Alioth writes "Twenty five years ago today, Sinclair Research launched Britain's most popular home computer of the 1980s — the Sinclair ZX Spectrum. Costing about one third of the price of its rivals such as the Commodore 64 while having a faster CPU and a better BASIC interpreter, the machine sold well in many guises throughout the 1980s and had more than a staggering 9,000 software titles. The machine may well have done well in the US too, had Timex — the company building the machine under license in the US — not already been in financial trouble and about to fold. The machine was also extremely successful in Russia, although not for Sinclair Research — because the Russians made dozens of different clones of the machine, and did so right into the mid 1990s. The machine still has a healthy retro scene, including the development of new commercial software by Cronosoft, and new hardware such as the DivIDE, which allows a standard PC hard disc or compact flash card to be connected to the machine."

3 of 310 comments (clear)

  1. THATS NOTHING by rapiddescent · · Score: 5, Funny

    I got my spec
    trum 48k to c
    onnect to the
    internet and
    work with sla
    shdot.

    REM disconnec
    t

  2. It was popular in Eastern Europe too by gaspyy · · Score: 5, Interesting

    Living in Eastern Europe, we didn't have access to most western hardware/software.
    When I was 7, my father built a 48K Spectrum from scratch using smuggled components (the Z80 processor, the EEPROMs), parts from other computers (the case and keyboard); he made the PCB by himself as well as copying and programming the ROMs. I still remember the hardware debugging sessions.

    Later we managed to make the Interface II (I think that was its name) addon board and get a floppy drive to work. It was an East-German Robotron 5.25" drive; we were using 360Kb Bulgarian floppies (sorry, can't remember the brand).

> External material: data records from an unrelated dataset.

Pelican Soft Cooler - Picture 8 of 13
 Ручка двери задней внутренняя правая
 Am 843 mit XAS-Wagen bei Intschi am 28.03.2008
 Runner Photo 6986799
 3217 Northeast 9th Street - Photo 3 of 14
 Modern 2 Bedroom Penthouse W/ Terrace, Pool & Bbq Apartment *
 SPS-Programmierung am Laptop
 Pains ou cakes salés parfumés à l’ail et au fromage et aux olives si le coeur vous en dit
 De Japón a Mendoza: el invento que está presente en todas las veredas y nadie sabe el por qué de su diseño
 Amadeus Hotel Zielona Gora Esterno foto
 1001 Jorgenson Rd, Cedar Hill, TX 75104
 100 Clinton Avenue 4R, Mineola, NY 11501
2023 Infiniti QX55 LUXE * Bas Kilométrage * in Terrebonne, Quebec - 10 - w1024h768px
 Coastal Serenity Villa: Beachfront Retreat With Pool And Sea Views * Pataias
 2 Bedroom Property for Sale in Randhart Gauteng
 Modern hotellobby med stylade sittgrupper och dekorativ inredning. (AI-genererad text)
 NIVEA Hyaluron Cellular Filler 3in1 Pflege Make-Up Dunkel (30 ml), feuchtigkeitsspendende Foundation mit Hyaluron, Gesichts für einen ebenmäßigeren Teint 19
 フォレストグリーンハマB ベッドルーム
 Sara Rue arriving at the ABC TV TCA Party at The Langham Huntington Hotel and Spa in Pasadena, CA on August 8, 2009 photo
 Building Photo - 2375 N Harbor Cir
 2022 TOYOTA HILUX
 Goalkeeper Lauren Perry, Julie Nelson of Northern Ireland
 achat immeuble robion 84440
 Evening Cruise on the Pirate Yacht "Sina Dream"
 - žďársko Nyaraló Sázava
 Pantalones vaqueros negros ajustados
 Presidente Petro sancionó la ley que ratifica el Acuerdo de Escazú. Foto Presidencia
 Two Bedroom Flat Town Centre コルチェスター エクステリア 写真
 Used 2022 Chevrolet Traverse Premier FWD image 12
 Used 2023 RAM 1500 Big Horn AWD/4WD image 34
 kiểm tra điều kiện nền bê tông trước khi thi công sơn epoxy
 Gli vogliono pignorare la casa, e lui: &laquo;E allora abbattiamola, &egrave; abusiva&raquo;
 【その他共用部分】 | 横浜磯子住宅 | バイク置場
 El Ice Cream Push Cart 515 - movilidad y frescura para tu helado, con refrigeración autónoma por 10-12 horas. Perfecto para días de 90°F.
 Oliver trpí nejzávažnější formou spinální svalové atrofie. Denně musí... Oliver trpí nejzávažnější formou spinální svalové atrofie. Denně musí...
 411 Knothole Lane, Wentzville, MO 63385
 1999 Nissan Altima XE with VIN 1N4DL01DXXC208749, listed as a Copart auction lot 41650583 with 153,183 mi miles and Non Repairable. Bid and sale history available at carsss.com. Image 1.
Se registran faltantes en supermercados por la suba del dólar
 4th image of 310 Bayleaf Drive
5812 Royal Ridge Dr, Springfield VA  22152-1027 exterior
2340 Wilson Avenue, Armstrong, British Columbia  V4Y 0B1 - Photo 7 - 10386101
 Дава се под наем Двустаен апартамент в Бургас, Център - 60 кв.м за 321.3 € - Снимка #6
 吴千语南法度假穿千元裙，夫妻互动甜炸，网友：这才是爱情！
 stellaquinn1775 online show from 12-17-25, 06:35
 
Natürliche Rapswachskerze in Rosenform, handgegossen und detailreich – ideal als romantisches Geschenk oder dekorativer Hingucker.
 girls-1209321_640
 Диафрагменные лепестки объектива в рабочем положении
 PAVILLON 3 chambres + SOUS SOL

    It was a wonderful machine and it's the way I got into computers and learn assembler (Zeus ruled). At 12 I was busy cracking the games' copy protection to be able to copy them from tape to disks. Oh, btw, games had to be smuggled in too - one network used airline pilots, some of the few kind of people who could travel outside the country with ease. Don't get me started with books, it was hard even to photocopy one, as access to photocopiers was restricted.

  3. Re:Inaccurate summary by SpinyNorman · · Score: 5, Interesting

    I worked for Acorn from '79 to -'82, primarily programming (in assembler) the 6502 based BBC micro (and it's little brother the Electron), and from what I can recall the 6502 was - at same clock speed - faster than the Z80. The Z80's main advantage was being available in higher clock speeds, althogh the 6502 did I think get up to 4MHz in the end

    While the Z80 had more registers, the 6502 had "page 0" addresses that allowed offset-only access to the first 256 bytes of RAM, which in a way made up for it. The 6502 instruction set was very minimal, and in fact was the inspiration for the ARM RISC processor designed by Acorn (originall ARM = Acorn RISC Machine, later re-acronymed as Advanced RISC machine).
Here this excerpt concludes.